Ashley Zebro courtesy Medium.com all rights Ashley Zebro author

5 amusing facts about my indoor pet chickens

Ashley Zebro Shared blog from Jan 12 Medium.com by Ashley Zebro - Link below for bio and additional articles by Ashley.

You no longer need a backyard coop to enjoy the companionship of chickens. Our feathered friends are low-maintenance, intelligent, and goofy birds that make great indoor pets.

In August, I adopted two chickens, and we share a one bedroom apartment. Ren and Mina are 8 month old sebright bantam hens. I got them from a woman in a Facebook group that wanted to rehome them, since they were too jumpy.

After a couple months of (chasing them around) acclimating them to human touch, we now form a little family of three. I am obsessed with my birds, so I bring them up in conversation often. Here are five things people are particularly interested to hear about my birds.

They wear diapers

The most frequently asked question I get when people first meet or see pictures of Ren or Mina is, “Is that a dress?”

Ren (brown) Mina (white) wearing chicken diapers - all rights owned by Ashley Zorbro medium.com share

Ren (brown) and Mina (white) wearing chicken diapers

Chickens are little poop factories, manufacturing 12–15 little nuggets of waste per day. Their feces are coated in uric acid, so they don’t produce any liquid urine. That’s why bird poop has white in it!

Putting them in diapers allows them to roam freely through my home without turning my floors into an abstract art painting. The poop pouches are typically made from cotton cloth with a waterproof liner, so they’re washable and reusable. They come in fun patterns and bright colors, and are just as fashionable as practical. The pouch velcros around the bird’s tail and the straps go around their shoulders, kind of like a backpack. It ends up looking like a little dress, or apron.

I change their diapers once per day. Sometimes they don’t mind and enjoy being held; other times they run away, wiggle around, and chirp.

Now, I don’t have any human children but, I imagine the struggle is similar to changing a toddler’s diaper.

They’re on birth control

It takes a lot of energy for a chicken to produce an egg. Since hens have been bred to produce a high volume of eggs (for human consumption), it puts them at risk for reproductive health issues.

I choose to have them implanted with a birth control rod that stops them from laying eggs. The implant is injected under their skin and is about the size of a rice grain. It’s like a Nexplanon or IUD for chickens!

Each chicken’s experience with the implant varies, so it can last 3–6 months, longer, or not at all. Mina was resistant to the implant, so she’s currently laying about one egg per day. She’s a very vocal bird, and expresses discomfort for about an hour before releasing an egg. When Ren is due for a new implant, I’ll try again with Mina, in hopes she can get a break from the discomfort and avoid egg-laying health complications.

They sleep on my pillow

…and on the arm of the sofa, and sometimes on my head.

Chickens are prey animals, so they like to sleep high up from the ground. Ren and Mina challenge each other to who can roost higher on the bed or on my body. It’s because they love me and definitely not to feel my radiant body heat.

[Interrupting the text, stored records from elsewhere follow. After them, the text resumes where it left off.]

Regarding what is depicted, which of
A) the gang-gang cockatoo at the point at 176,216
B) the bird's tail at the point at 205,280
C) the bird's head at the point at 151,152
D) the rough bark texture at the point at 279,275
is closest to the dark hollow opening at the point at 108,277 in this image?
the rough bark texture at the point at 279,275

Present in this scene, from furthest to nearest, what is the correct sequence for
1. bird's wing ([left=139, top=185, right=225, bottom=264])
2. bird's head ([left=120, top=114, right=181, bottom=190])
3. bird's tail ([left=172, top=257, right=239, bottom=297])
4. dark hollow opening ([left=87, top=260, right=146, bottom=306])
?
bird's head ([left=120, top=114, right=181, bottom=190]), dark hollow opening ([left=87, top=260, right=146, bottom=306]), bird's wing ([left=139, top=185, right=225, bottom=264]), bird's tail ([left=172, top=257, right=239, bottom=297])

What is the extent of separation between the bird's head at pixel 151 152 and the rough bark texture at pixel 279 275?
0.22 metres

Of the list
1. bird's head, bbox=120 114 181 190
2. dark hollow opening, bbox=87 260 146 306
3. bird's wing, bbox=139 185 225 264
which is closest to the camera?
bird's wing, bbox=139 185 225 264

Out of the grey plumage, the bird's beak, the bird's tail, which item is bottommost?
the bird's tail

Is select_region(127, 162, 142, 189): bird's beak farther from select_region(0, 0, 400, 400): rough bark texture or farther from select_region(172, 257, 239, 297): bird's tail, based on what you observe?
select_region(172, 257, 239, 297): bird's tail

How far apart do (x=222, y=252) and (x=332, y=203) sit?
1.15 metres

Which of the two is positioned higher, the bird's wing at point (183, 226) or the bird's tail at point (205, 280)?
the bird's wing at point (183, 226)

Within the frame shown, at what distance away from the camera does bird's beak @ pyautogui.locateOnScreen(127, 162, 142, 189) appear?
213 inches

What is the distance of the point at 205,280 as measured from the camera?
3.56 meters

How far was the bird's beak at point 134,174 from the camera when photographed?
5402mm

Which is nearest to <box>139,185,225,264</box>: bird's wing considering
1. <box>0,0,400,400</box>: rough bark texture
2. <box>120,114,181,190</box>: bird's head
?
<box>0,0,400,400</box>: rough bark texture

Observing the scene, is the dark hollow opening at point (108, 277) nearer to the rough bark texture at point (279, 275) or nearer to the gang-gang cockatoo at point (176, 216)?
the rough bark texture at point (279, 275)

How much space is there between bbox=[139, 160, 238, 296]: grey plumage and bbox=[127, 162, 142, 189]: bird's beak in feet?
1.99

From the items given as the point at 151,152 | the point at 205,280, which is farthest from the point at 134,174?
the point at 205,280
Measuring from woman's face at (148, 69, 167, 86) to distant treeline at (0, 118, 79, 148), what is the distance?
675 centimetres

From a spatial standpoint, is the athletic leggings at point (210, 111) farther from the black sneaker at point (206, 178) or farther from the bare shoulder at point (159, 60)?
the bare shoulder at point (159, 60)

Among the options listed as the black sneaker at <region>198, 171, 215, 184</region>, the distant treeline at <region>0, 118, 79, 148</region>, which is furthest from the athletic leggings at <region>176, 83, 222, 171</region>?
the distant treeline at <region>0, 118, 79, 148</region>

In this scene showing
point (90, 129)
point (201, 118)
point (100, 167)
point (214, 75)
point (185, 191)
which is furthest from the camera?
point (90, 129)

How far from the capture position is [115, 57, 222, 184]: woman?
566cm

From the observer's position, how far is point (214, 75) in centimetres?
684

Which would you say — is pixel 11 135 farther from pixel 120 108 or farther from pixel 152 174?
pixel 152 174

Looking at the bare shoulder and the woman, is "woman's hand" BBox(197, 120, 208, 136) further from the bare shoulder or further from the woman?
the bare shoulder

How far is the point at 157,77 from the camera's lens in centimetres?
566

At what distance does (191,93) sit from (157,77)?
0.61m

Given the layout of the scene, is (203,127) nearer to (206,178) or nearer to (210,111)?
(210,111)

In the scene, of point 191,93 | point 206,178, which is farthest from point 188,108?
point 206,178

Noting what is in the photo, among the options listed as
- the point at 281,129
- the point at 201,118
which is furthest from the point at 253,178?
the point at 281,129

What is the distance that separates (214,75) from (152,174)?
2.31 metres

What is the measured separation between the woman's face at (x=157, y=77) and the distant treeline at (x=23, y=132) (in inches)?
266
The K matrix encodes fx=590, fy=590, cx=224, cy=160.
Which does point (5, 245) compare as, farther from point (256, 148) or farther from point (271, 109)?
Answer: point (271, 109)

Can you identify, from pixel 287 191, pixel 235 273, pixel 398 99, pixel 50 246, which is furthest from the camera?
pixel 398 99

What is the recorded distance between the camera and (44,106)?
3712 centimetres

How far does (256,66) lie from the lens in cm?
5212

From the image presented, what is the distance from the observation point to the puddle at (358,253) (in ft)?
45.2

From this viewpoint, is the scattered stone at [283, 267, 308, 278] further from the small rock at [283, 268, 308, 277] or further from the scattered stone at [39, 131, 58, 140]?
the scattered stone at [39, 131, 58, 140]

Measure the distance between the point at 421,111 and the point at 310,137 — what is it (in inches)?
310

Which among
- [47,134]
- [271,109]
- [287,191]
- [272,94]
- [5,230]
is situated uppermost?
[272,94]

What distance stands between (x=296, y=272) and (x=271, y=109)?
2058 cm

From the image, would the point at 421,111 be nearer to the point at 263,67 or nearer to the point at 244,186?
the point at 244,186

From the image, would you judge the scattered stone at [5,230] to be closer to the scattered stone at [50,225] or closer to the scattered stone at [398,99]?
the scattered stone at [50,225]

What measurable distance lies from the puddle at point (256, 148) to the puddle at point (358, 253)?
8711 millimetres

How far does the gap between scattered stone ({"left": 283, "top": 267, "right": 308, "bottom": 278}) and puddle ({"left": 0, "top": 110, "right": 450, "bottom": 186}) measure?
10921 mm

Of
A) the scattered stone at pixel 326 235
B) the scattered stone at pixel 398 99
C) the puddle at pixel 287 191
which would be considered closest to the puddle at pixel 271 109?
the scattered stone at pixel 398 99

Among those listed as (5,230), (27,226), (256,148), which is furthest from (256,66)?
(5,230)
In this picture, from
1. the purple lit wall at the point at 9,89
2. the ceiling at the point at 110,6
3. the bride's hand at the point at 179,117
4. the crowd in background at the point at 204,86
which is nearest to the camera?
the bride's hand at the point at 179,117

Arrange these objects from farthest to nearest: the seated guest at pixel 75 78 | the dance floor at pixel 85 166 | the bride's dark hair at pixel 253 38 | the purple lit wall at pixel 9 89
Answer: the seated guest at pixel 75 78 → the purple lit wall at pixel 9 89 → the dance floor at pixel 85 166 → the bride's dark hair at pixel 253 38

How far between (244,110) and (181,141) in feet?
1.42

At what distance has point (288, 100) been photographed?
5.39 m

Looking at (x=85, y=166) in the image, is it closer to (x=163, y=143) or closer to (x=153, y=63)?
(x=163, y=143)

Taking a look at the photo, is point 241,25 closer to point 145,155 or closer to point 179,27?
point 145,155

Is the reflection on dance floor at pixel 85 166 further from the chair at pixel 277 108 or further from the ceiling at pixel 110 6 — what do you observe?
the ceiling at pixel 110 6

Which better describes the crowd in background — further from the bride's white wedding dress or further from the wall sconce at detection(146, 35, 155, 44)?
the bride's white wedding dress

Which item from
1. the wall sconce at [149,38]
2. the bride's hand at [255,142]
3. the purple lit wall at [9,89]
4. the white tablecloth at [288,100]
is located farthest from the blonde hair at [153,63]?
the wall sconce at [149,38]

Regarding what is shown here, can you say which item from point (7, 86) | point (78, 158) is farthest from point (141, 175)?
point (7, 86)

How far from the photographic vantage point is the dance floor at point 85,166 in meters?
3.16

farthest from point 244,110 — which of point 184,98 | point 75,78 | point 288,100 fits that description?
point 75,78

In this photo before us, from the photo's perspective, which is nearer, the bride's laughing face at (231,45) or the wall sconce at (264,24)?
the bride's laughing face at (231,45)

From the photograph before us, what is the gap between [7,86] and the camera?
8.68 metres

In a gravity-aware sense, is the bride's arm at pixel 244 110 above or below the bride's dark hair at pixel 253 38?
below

They sleep through the whole night, and take several naps during the day. Hens don’t typically crow (otherwise known as, “cock-a-doodle-doo!”) in the morning but, Mina is wired a little bit different, so I am sometimes graced by her unsolicited morning announcements.

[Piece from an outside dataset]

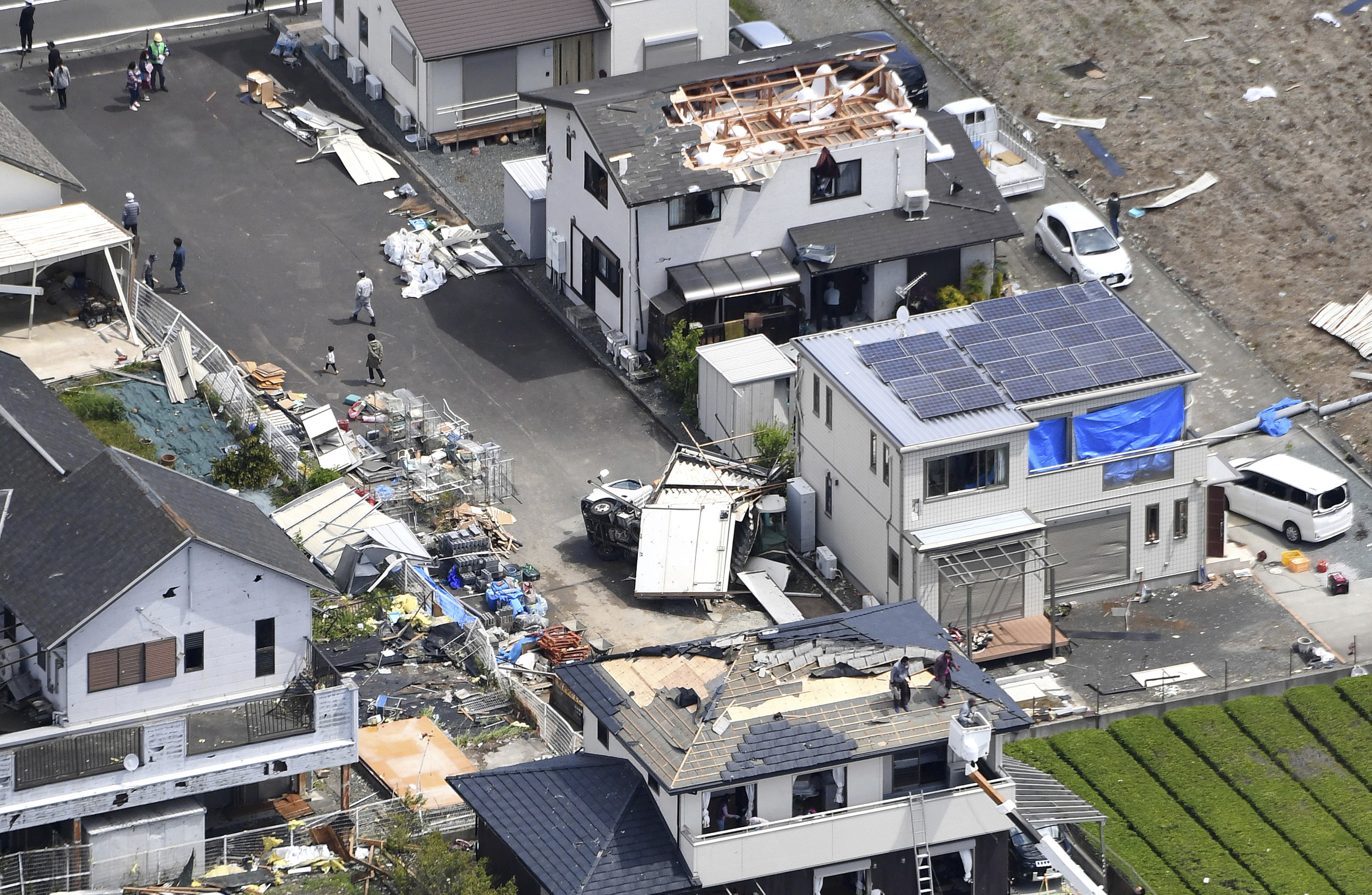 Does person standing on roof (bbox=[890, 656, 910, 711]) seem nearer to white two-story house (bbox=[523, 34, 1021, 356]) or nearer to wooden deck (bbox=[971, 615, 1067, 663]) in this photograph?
wooden deck (bbox=[971, 615, 1067, 663])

They give and receive affection

Chickens are individuals with their own dynamic personalities, so their desire or tolerance for affection varies from bird to bird. I would equate keeping a chicken to keeping a dinosaur-cat, if you can imagine that. They hang out in high places, want affection on their terms only, and shriek like velociraptors. In fact, chickens, like all birds, are closely related to dinosaurs.

I’ve had chickens clean my hair in the same way they preen their own feathers. Ren and Mina don’t do this but I hope they will one day.

I know they’re enjoying the affection I give them. When I kiss their wattles and rub my face in their feathers, they relax and wince their eyes. Mina melts into my hand like a wicked witch when she gets a belly rub.

They get their toenails and beaks manicured

So, they don’t get a warm foot bath with waterjets, hot stones, or a massage, but they do need their toenails and beaks trimmed.

Mina with an overgrown beak courtesy Ashley Zebro medium.com all rights belong to her

Mina with an overgrown beak

Beaks are like fingernails, so if your bird isn’t wearing theirs down, it should be trimmed, as to not interfere with preening their feathers, and pecking around.

Just as you need to avoid the quick of a toe nail, chicken’s beaks have a vein that you need to avoid while trimming. I use my regular toenail clippers and they get a blueberry or lettuce as a reward.

Having my chickens live in the house with me is not only feasible but super rewarding. This way I get all the poop with none of the coop.